Re-Identification Risks and Myths, Superusers and Super Stories (Part II: Superusers and Super Stories)
The Myth of Superuser: Toward Accurate Assessment of Unrealized Possibilities
In a recent Concurring Opinion blog post, I provided a critical re-examination of the famous re-identification of Massachusetts Governor William Weld’s health information as accounted by Paul Ohm, in his 2010 paper “Broken Promises of Privacy” and exposed a fatal flaw, the “Myth of the Perfect Population Register” which constitutes a serious challenge to all re-identification attacks.

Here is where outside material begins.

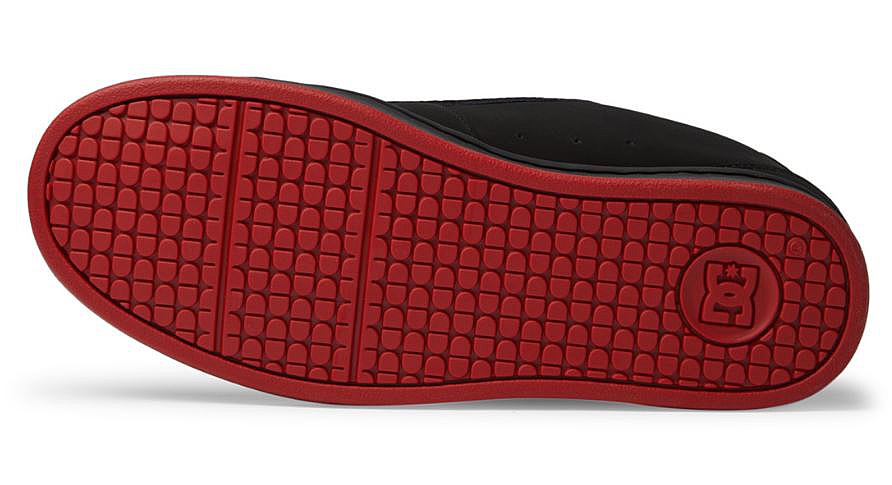 zapatos DC Slayer Net - BLR/Black/Red - men´s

In part 2 of this essay, I address the broader issues of how privacy law scholars and policy-makers should evaluate various scenarios being presented as motivators for the need for potential privacy regulations. Fortunately, Professor Ohm in earlier work has written another very compelling and astute paper from which we can draw some useful guidance for such approaches. In his paper, Ohm cautions public policy makers to beware of the “Myth of the Superuser”. Ohm’s point with regard to this mythical “Superuser” is not that such Superusers – just substitute “Data Intruders” for our interests here – do not exist. Ohm isn’t even trying to imply that the considerable skills needed to facilitate their attacks are mythical. Rather, Ohm is making the point that by inappropriately conflating the rare and anecdotal accomplishments of notorious hackers with the actions of typical users we unwittingly form highly distorted views of the normative behavior which is under consideration for regulatory control. This misdirected focus leads to poorly constructed public policy and unintended consequences. It’s not hard to see that extremely important parallels exist here with regard to “Myth of the Perfect Population Register”. The inability of most data intruders to construct accurate and complete population registers capable of supporting re-identification attacks has wide-reaching implications. The most important implication is how seriously we should take claims about the “astonishing ease” of re-identification. As I’ve written in a previous paper co-authored with University of Arizona Law Professor, Jane Bambauer Yakowitz, “…de-anonymization attacks do not scale well because of the challenges of determining the characteristics of the general population., Each attack must be customized to the particular de-identified database and to the population as it existed at the time of the data-collection. This is likely to be feasible only for small populations under unusual conditions.”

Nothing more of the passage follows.